I finally decided to try something that I’ve been researching for quite a while now. “Oven Canning”. It’s not really canning, but that what it’s been dubbed. Short version: You slowly heat your dry goods at a low oven temp, which kills any bugs and nasties and rids the food of any excess moisture. You then seal the jar and the shelf life of the dry goods is supposed to be extended by years. Pictured above: Whole Wheat Four, Cornmeal, Brown Rice, Oatmeal and Masa.
My mental breakdown…
- Safety: Yes, I know you can’t “can” in the oven due to the potential for botulism spores to grow. Botulism thrives in moist, low-acid foods. Dry foods are just that…dry. Therefore, the dry foods do not provide conditions for botulism to continue to exist. Coupled with the fact that the foods have already been dried once before, I consider this form of preservation to be very safe. In my opinion, the worst thing that can happen is that the food goes stale.

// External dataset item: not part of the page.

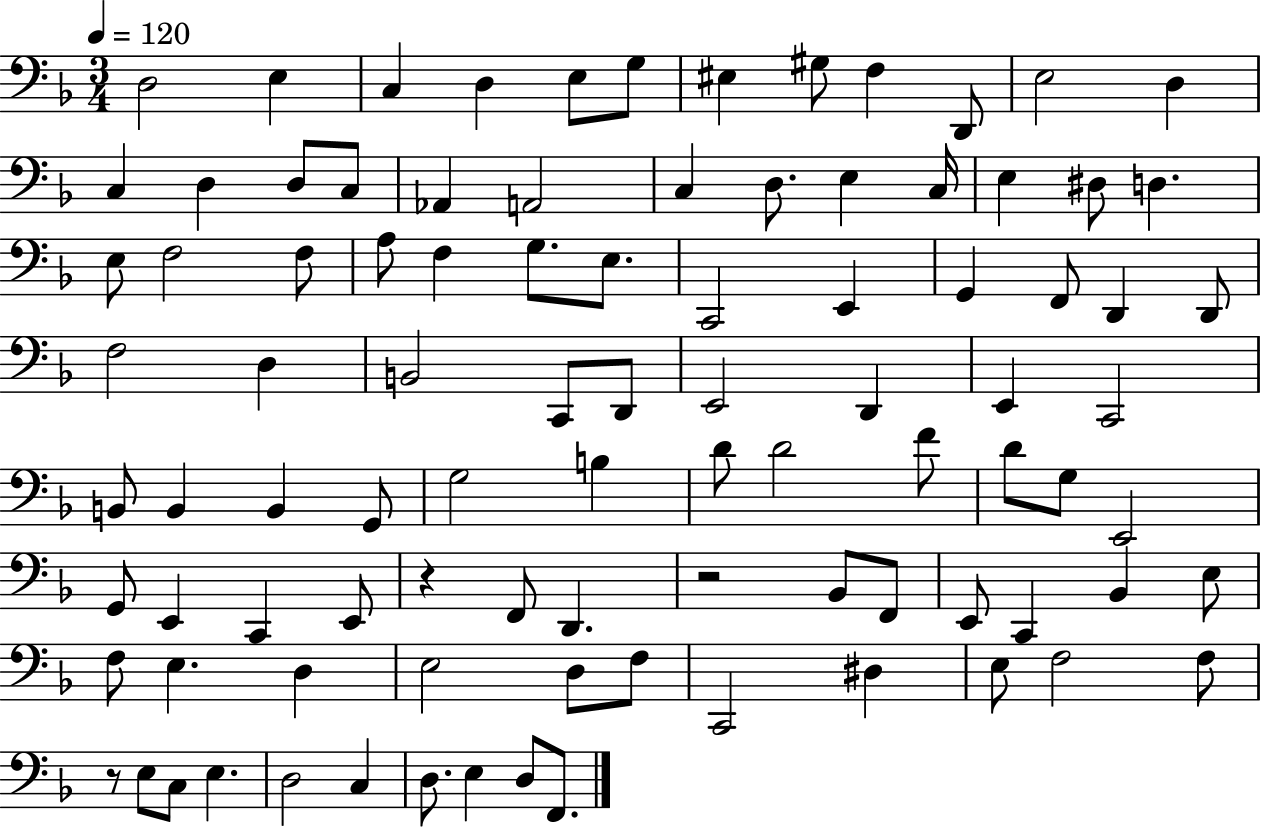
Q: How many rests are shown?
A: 3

- Cost Efficient: Preserving dry goods allows me to purchase in bulk and then preserve in more manageable sizes. Yes, I could buy mylar bags, food grade buckets and oxygen absorbers, but how cost efficient is that? And after I open that 5 gallon bucket of whole wheat flour, what are the chances that I’m going to use it all before it goes bad? I’ll be much more likely to use a quart of the same flour and be able to use it while it’s fresh.
- Easy to Store: I find it much easier to store mason jars than I do bagged flour, rice, beans, cornmeal, etc. Some people freeze their flours to kill off any buggies that may be in there. No need to bulk up your freezer with dry goods!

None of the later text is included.